The entries below are to be reproduced exactly, with their pictures omitted.

=== Section Start ===

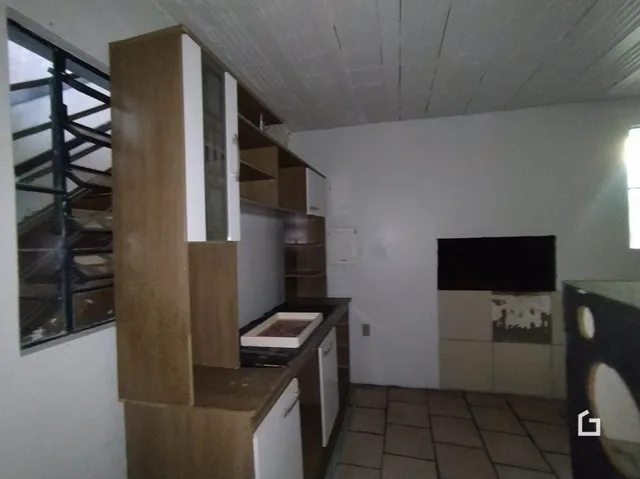 Interior de uma sala com painéis de madeira e piso cerâmico.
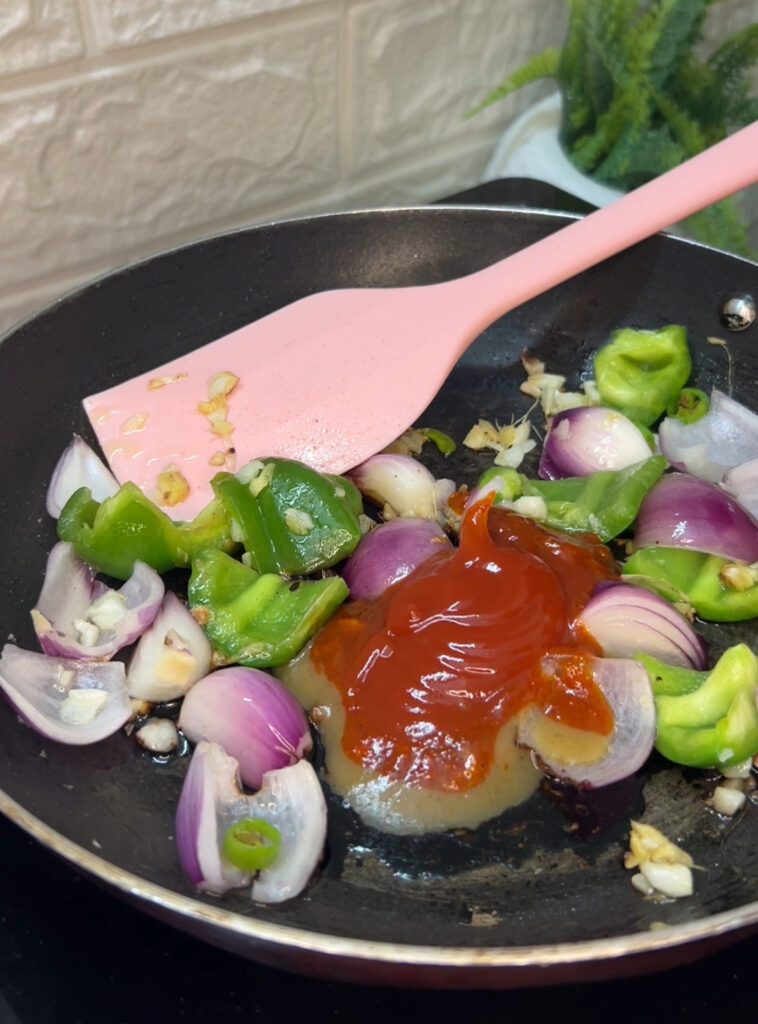 Flat lay of homemade chili dumplings arranged on a bamboo steamer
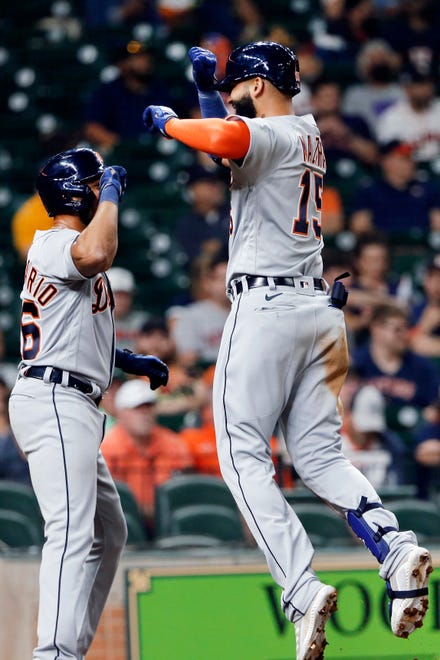 Detroit Tigers' Jeimer Candelario, left, and Nomar Mazara (15) celebrate at the plate after they scored Mazara's home run against the Houston Astros during the fourth inning of a baseball game Tuesday, April 13, 2021, in Houston.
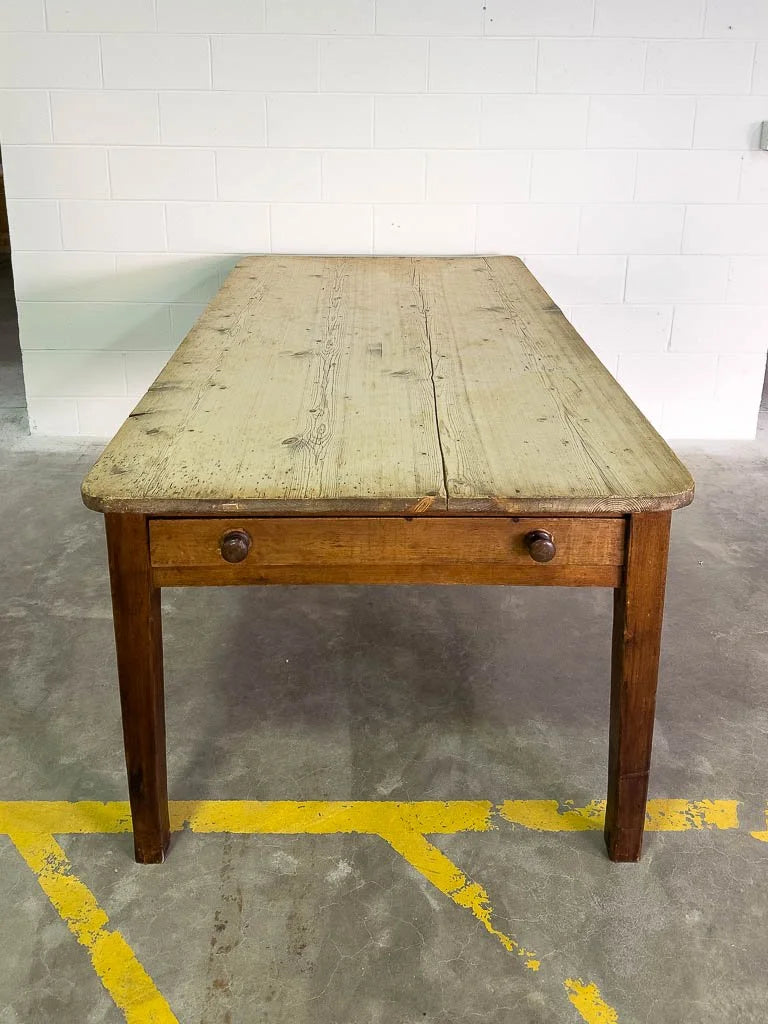 Antique English dining table with drawers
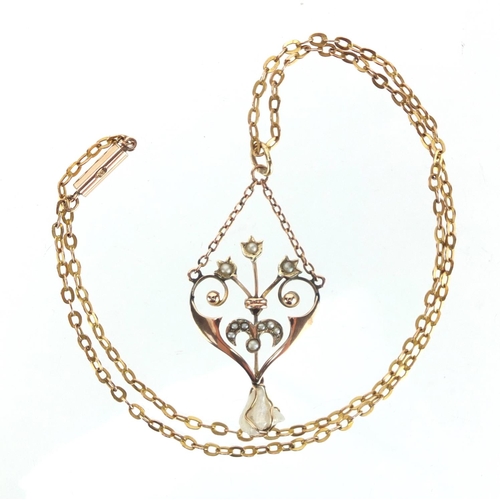 719 - Art Nouveau 9ct gold seed pearl pendant on a 9ct gold necklace, the pendant 4.7cm in length, approxi... 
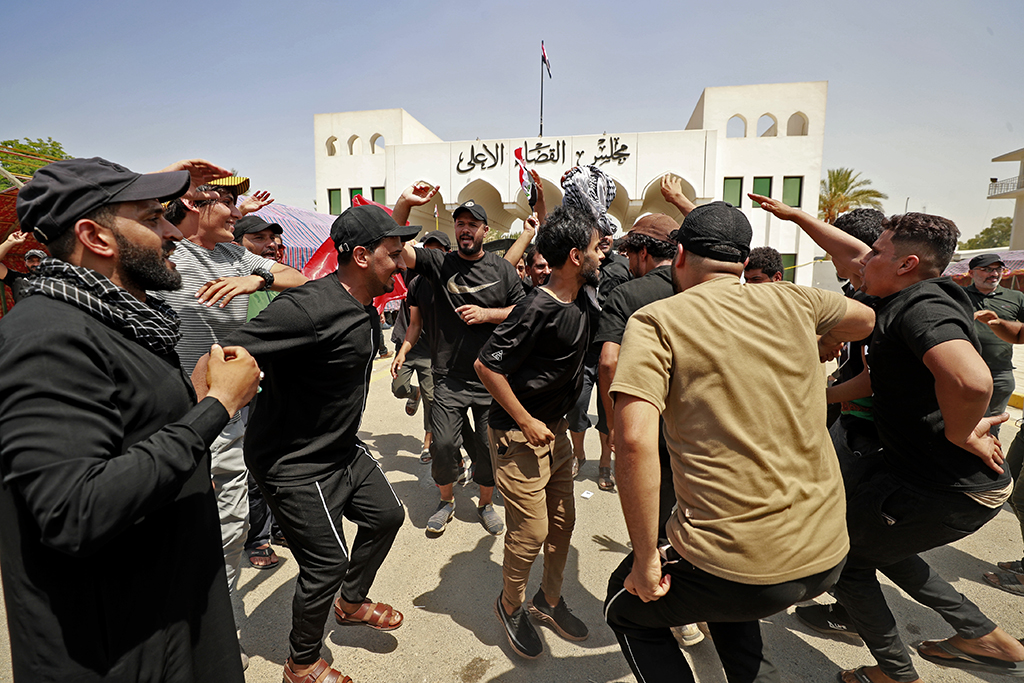 BAGHDAD: Supporters of Iraqi Muslim Shiite cleric Moqtada Sadr dance during a protest outside the headquarters of the Supreme Judicial Council, Iraq's highest judicial body, in Baghdad. - AFP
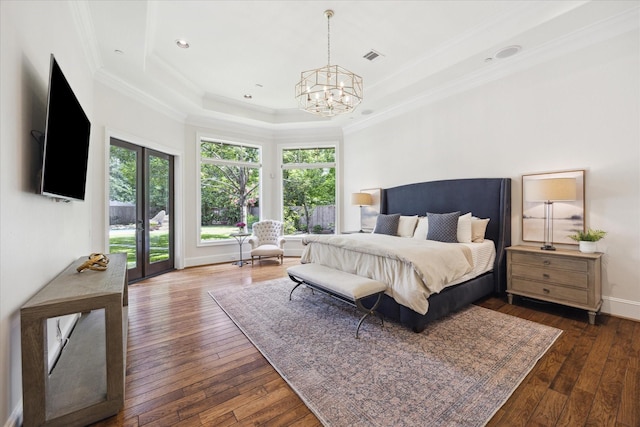 2 Hedwig Shadows Dr, Houston, TX 77024 - bedroom featuring a chandelier, crown molding, a raised ceiling, and wood-type flooring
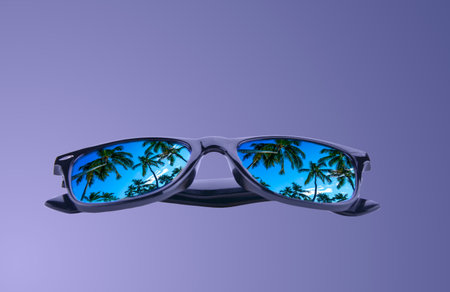 sunglasses with palm trees in reflection on a gradient purple backgroundの写真素材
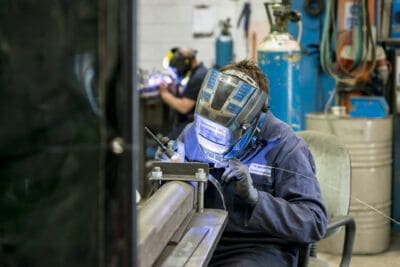 A welder working on a piece of metal in a workshop.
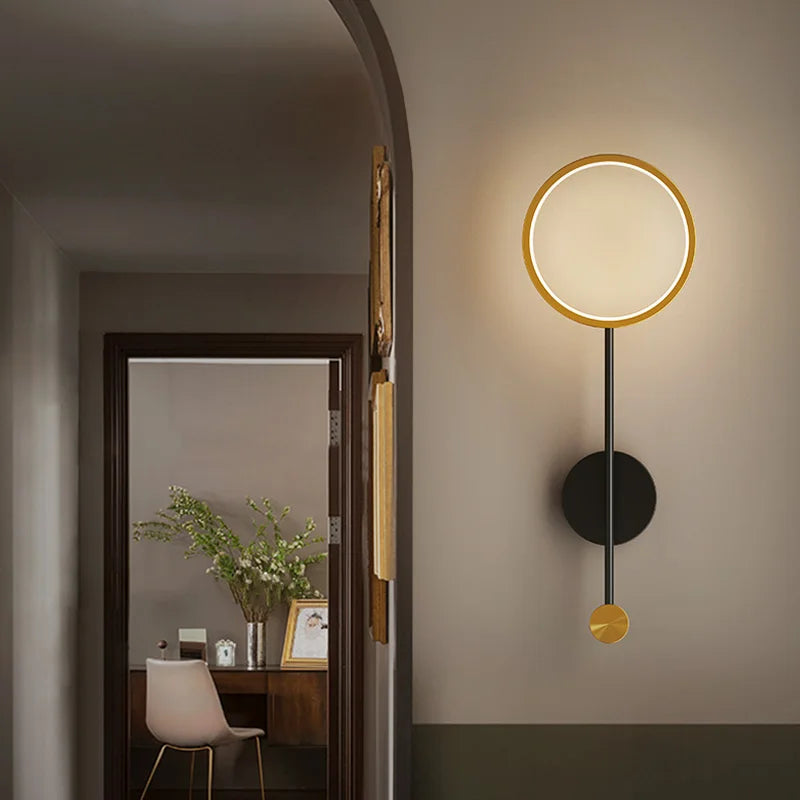 Modern wall lamp with circular design on a neutral wall.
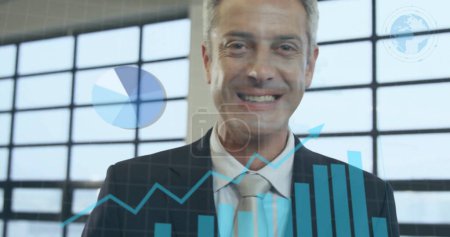 Photo for Image of statistics and data processing over caucasian businessman smiling in office. Global business, connections, computing and data processing concept digitally generated image. - Royalty Free Image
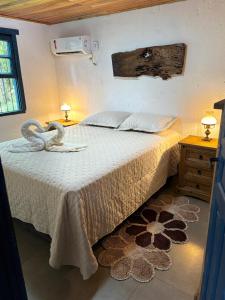 a bedroom with a bed and two tables and a window at Casa Ar Fresco in Sapiranga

=== Section End ===

(RESPONSE AREA):
 Interior de uma sala com painéis de madeira e piso cerâmico.
 Flat lay of homemade chili dumplings arranged on a bamboo steamer
 Detroit Tigers' Jeimer Candelario, left, and Nomar Mazara (15) celebrate at the plate after they scored Mazara's home run against the Houston Astros during the fourth inning of a baseball game Tuesday, April 13, 2021, in Houston.
 Antique English dining table with drawers
 719 - Art Nouveau 9ct gold seed pearl pendant on a 9ct gold necklace, the pendant 4.7cm in length, approxi... 
 BAGHDAD: Supporters of Iraqi Muslim Shiite cleric Moqtada Sadr dance during a protest outside the headquarters of the Supreme Judicial Council, Iraq's highest judicial body, in Baghdad. - AFP
 2 Hedwig Shadows Dr, Houston, TX 77024 - bedroom featuring a chandelier, crown molding, a raised ceiling, and wood-type flooring
 sunglasses with palm trees in reflection on a gradient purple backgroundの写真素材
 A welder working on a piece of metal in a workshop.
 Modern wall lamp with circular design on a neutral wall.
 Photo for Image of statistics and data processing over caucasian businessman smiling in office. Global business, connections, computing and data processing concept digitally generated image. - Royalty Free Image
 a bedroom with a bed and two tables and a window at Casa Ar Fresco in Sapiranga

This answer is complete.